* **Task**
Reproduce the records below exactly from their first line through the line containing "An Giang Chưa", omitting all pictures.

* **Record set**

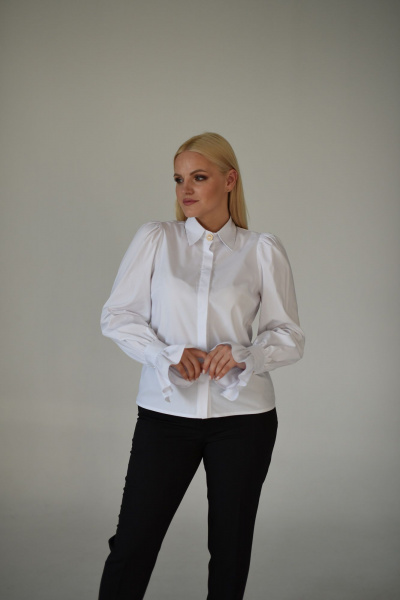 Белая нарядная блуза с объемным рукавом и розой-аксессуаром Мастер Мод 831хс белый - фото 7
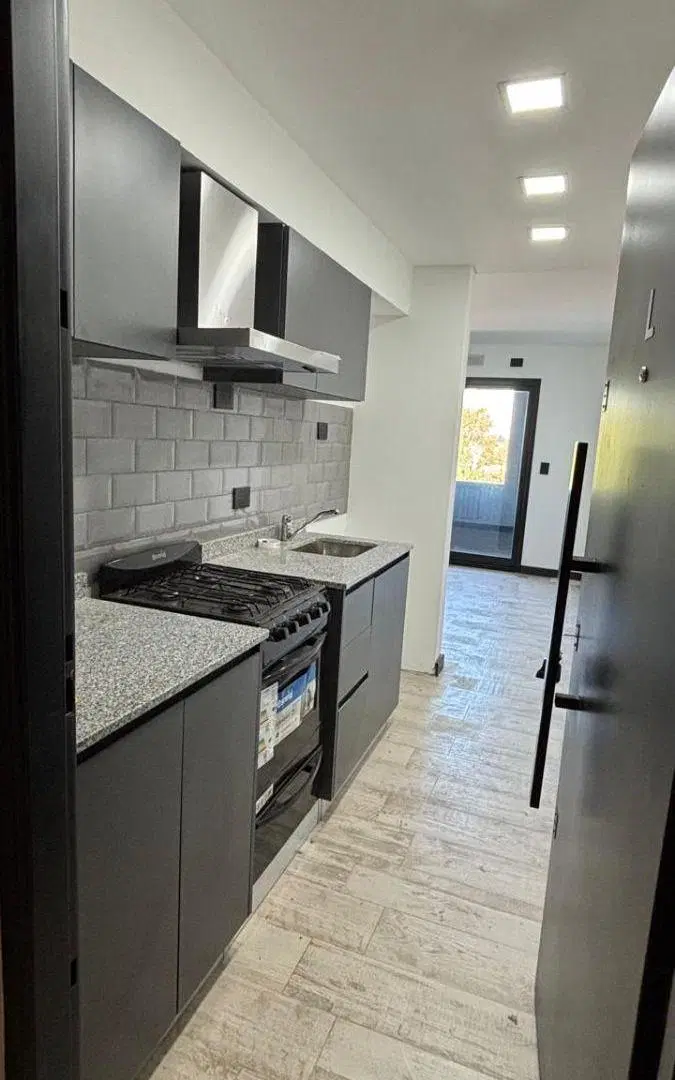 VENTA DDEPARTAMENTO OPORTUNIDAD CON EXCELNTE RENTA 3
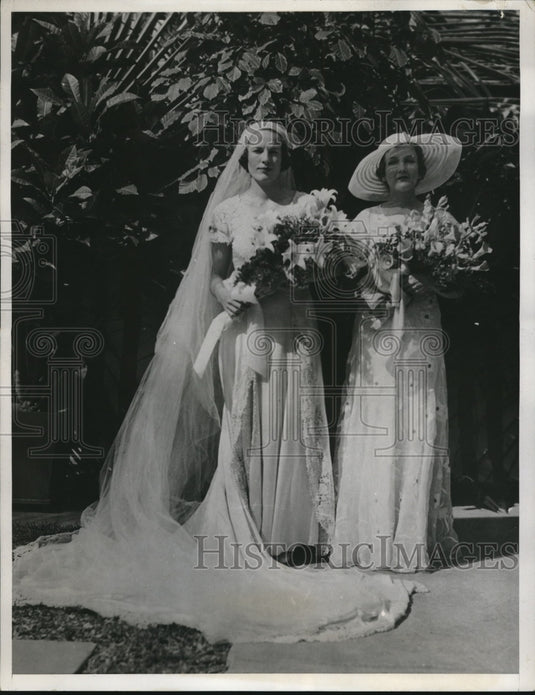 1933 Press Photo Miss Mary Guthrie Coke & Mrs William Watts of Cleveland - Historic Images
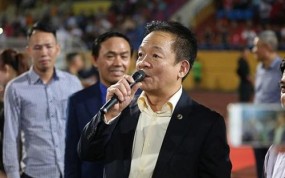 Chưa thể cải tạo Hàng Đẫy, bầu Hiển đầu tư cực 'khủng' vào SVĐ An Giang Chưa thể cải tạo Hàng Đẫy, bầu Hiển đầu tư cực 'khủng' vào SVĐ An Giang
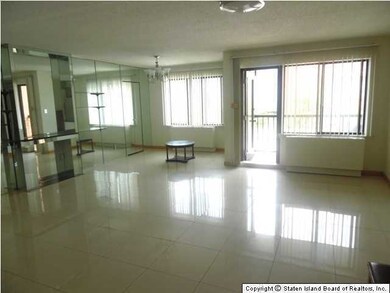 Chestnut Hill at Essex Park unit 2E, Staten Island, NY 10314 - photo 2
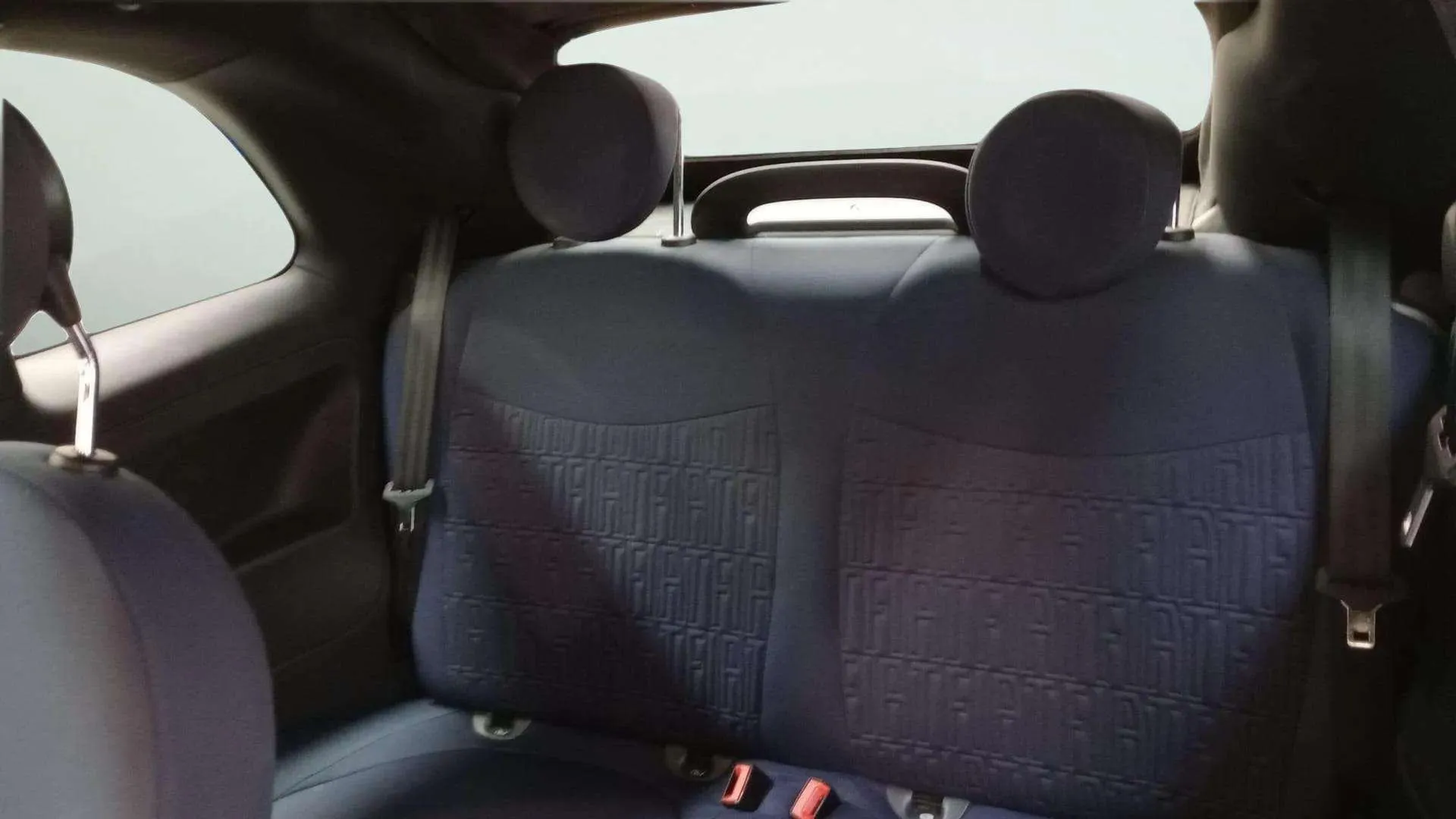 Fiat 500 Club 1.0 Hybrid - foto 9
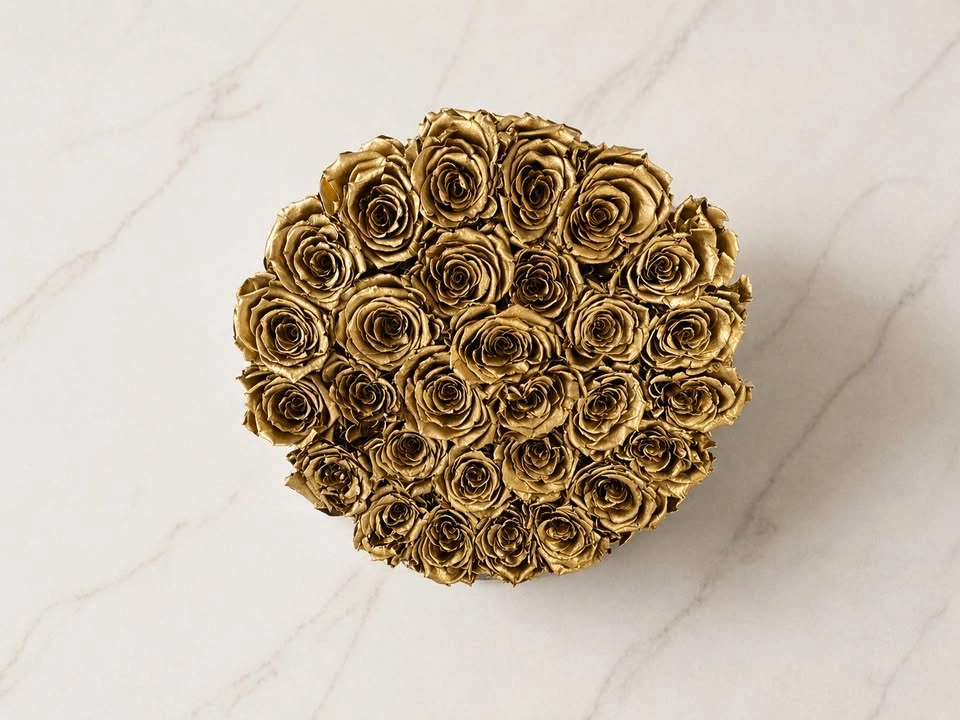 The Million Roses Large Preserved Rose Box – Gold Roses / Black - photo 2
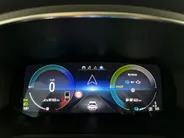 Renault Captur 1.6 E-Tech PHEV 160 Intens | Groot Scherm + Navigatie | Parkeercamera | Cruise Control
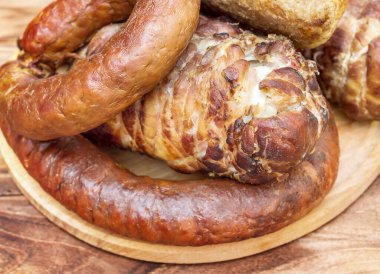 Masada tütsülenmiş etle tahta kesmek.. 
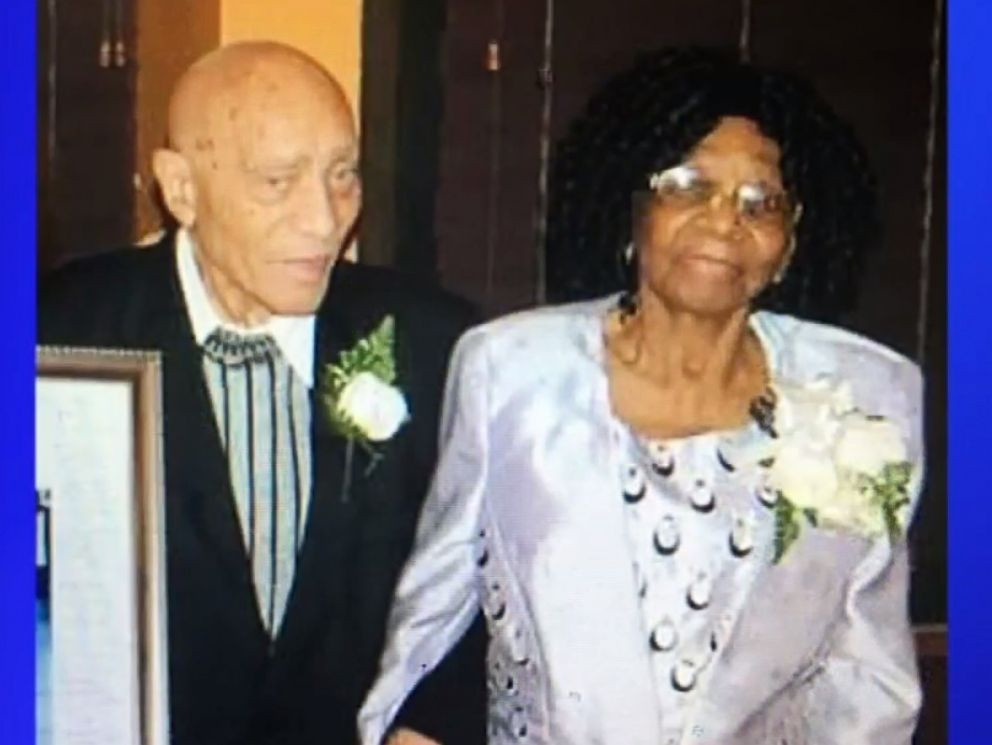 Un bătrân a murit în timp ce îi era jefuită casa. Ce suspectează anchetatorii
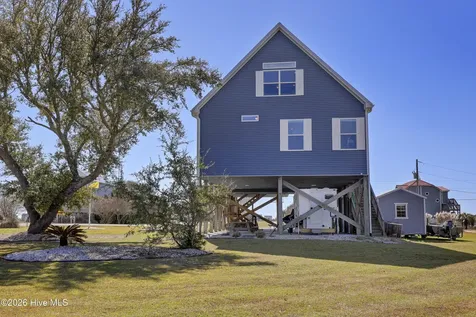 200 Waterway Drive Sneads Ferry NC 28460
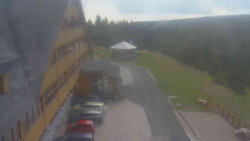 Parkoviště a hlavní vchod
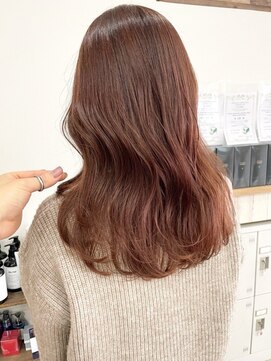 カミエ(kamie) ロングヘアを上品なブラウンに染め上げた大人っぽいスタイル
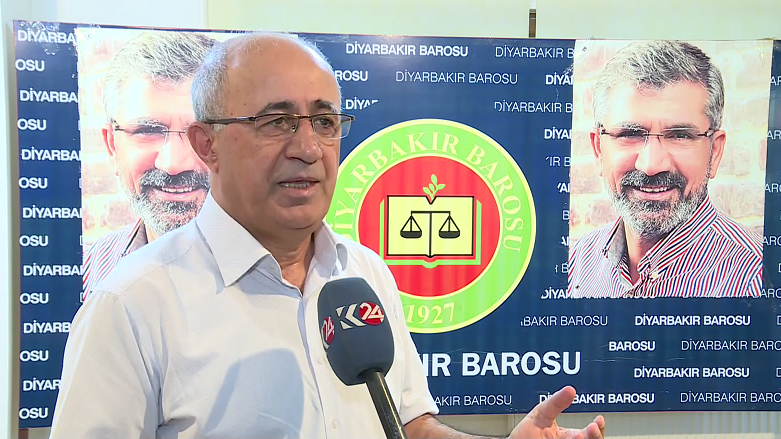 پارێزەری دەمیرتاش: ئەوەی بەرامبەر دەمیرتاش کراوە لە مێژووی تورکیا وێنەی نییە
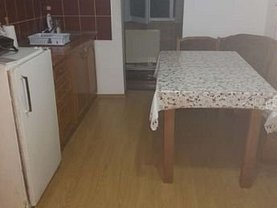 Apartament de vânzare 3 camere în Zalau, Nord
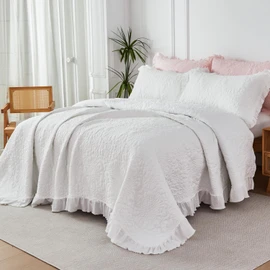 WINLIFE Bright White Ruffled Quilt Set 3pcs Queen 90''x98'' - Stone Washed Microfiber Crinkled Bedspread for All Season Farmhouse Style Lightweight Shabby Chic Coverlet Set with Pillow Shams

* **Exercise output**
 Белая нарядная блуза с объемным рукавом и розой-аксессуаром Мастер Мод 831хс белый - фото 7
 VENTA DDEPARTAMENTO OPORTUNIDAD CON EXCELNTE RENTA 3
 1933 Press Photo Miss Mary Guthrie Coke & Mrs William Watts of Cleveland - Historic Images
 Chưa thể cải tạo Hàng Đẫy, bầu Hiển đầu tư cực 'khủng' vào SVĐ An Giang Chưa thể cải tạo Hàng Đẫy, bầu Hiển đầu tư cực 'khủng' vào SVĐ An Giang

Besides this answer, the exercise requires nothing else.